EVERY spring, selected student dormitories at Oberlin College in Ohio compete to discover which one can cut energy use by the most. Computer screens give the students detailed feedback on electricity consumption, and in one study dorms cut their electricity use by 55 per cent (International Journal of Sustainability in Higher Education, vol 8, p 16).
The researchers running the study have not yet crunched their numbers to separate out the effects of competition from the feedback on electricity consumption, but the large savings compared to other studies that lack a competitive element suggest a strong effect. "The competition, at least in this environment, is critical," says John Petersen, Oberlin's head of environmental studies.
Petersen concedes that Oberlin may attract students with green sensibilities atypical of society at large. The project is about to extend into the real world. Equipment to provide detailed feedback on electricity use will be fitted into 53 apartments and six business units in a development now under construction in the city of Oberlin. "We hope to create volunteer groups that will compete with one another," says psychologist Cindy Frantz.
Here and now
PEOPLE have to be persuaded to act on climate change even though the benefit won't be felt for decades. Research by David Hardisty and Elke Weber of Columbia University in New York suggests ways to achieve this.
Hardisty and Weber have found that people respond in exactly the same way to decisions involving future environmental gains and losses as they do when making financial decisions (Journal of Experimental Psychology: General, vol 138, p 329). This allows psychologists' knowledge of how to manipulate financial decision-making to be brought into play.
For instance, schemes that give people an upfront cash payment for insulating their home will work better than those promising long-term savings, even if the people receiving cash end up paying a little more in the long run.
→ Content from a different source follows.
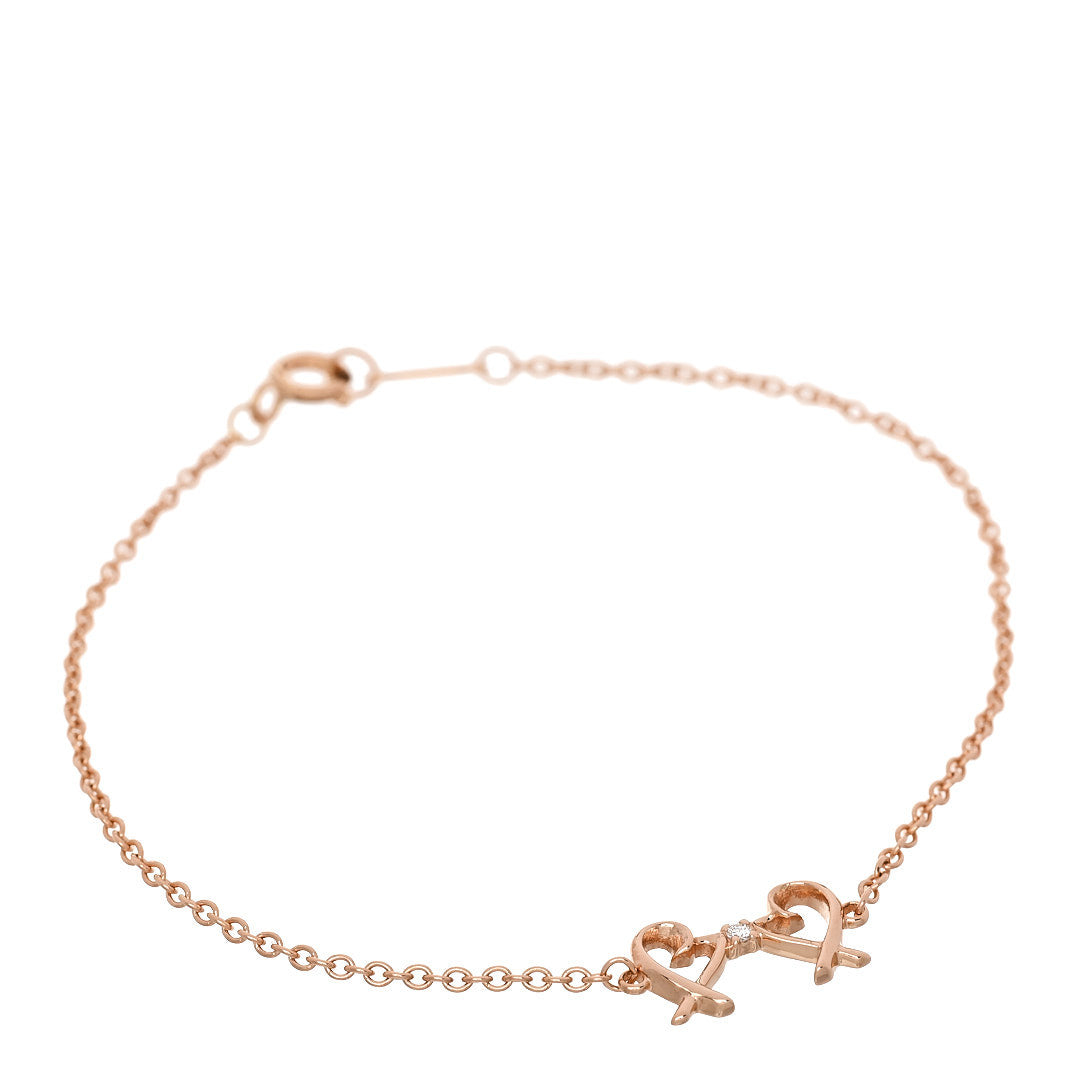 Tiffany 18K Rose Gold Diamond Paloma Picasso Double Loving Heart Bracelet 1 of 5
And because we are generally more worried about future losses than we are impressed by future gains, messages are more effective if framed to warn people that they will lose $500 over 10 years if they don't follow a particular course of action to limit climate change than if they are told they'll be $500 better off if they do take action.
AS SOCIAL animals, we like to interact with others and take inspiration from their actions. Psychologists are working out how to exploit this to spread behaviours that will help limit climate change. "My sense is that social networks are going to be important," says Swim.
Allowing people to document successes in saving energy on their Facebook pages could drive change among their friends, and the Oberlin team is considering integrating this into its urban residence experiment.
Tawanna Dillahunt and colleagues at Carnegie Mellon University in Pittsburgh, Pennsylvania, think such opportunities presented by Facebook can be combined with our liking for furry animals. Inspired by the attachment that people can develop towards Tamagotchi virtual pets, the team is testing the persuasive power of a "virtual polar bear" standing on an ice floe that grows bigger as people adopt environmentally friendly behaviours such as taking shorter showers. Initial results suggests the polar bear has pull.